INPUT DATA:
---
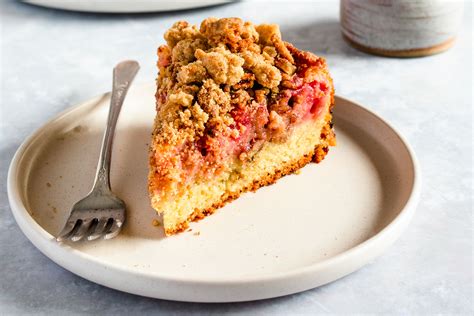 strawberry rhubarb crumb cake recipe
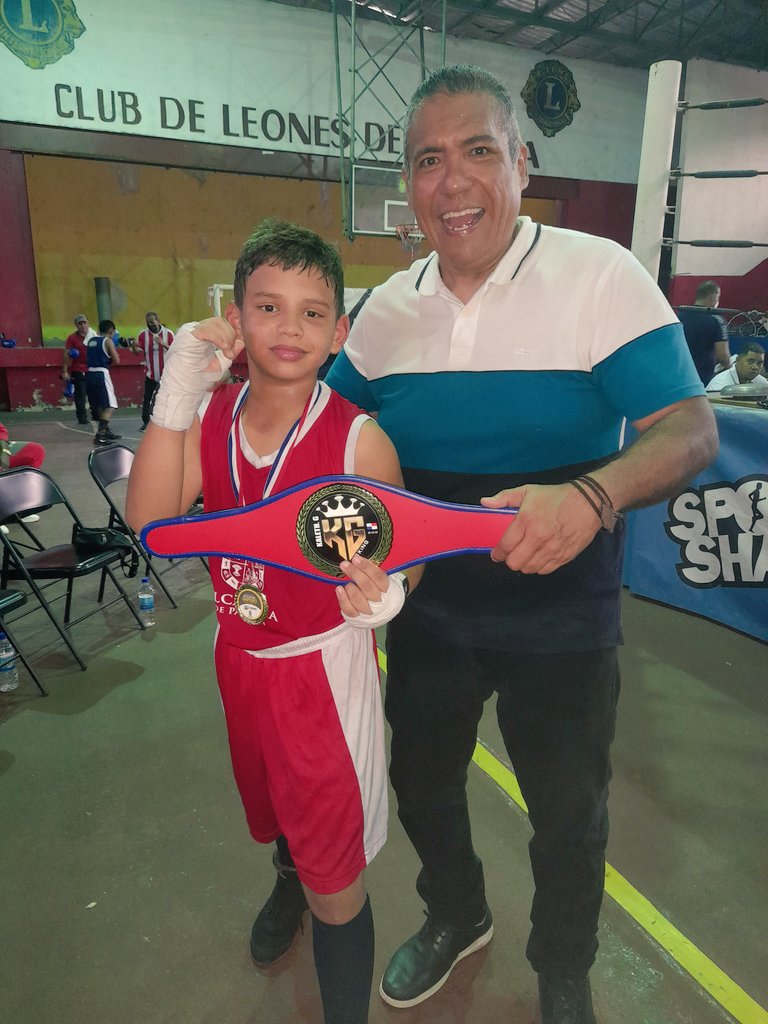 GJesusCastillo's tweet photo. ¡Faaamiliaaaa! si no lo conocen se los presento es Kaleth "Canelito" González- #kingboxing , ya esta encaminado en el Boxeo Olímpico en combates "Abre Bocas" lo vimos en una gran actuación en la Cartelera #buscandocampeones @municipiodepanama @fedebop #salganatriunfar #esmiverdad https://t.co/HTmbkzo9JP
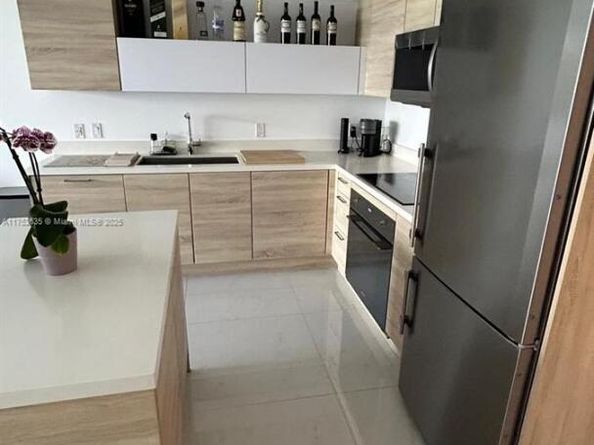 16385 Biscayne Blvd 1002, North Miami Beach FL 33160
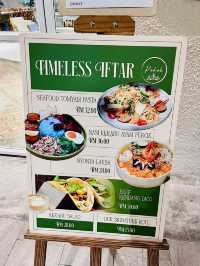 Pokok: Springtime Lush Green Cafe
---
Only the pictures are to be left out; all other material is to be output exactly.

 strawberry rhubarb crumb cake recipe
 GJesusCastillo's tweet photo. ¡Faaamiliaaaa! si no lo conocen se los presento es Kaleth "Canelito" González- #kingboxing , ya esta encaminado en el Boxeo Olímpico en combates "Abre Bocas" lo vimos en una gran actuación en la Cartelera #buscandocampeones @municipiodepanama @fedebop #salganatriunfar #esmiverdad https://t.co/HTmbkzo9JP
 16385 Biscayne Blvd 1002, North Miami Beach FL 33160
 Pokok: Springtime Lush Green Cafe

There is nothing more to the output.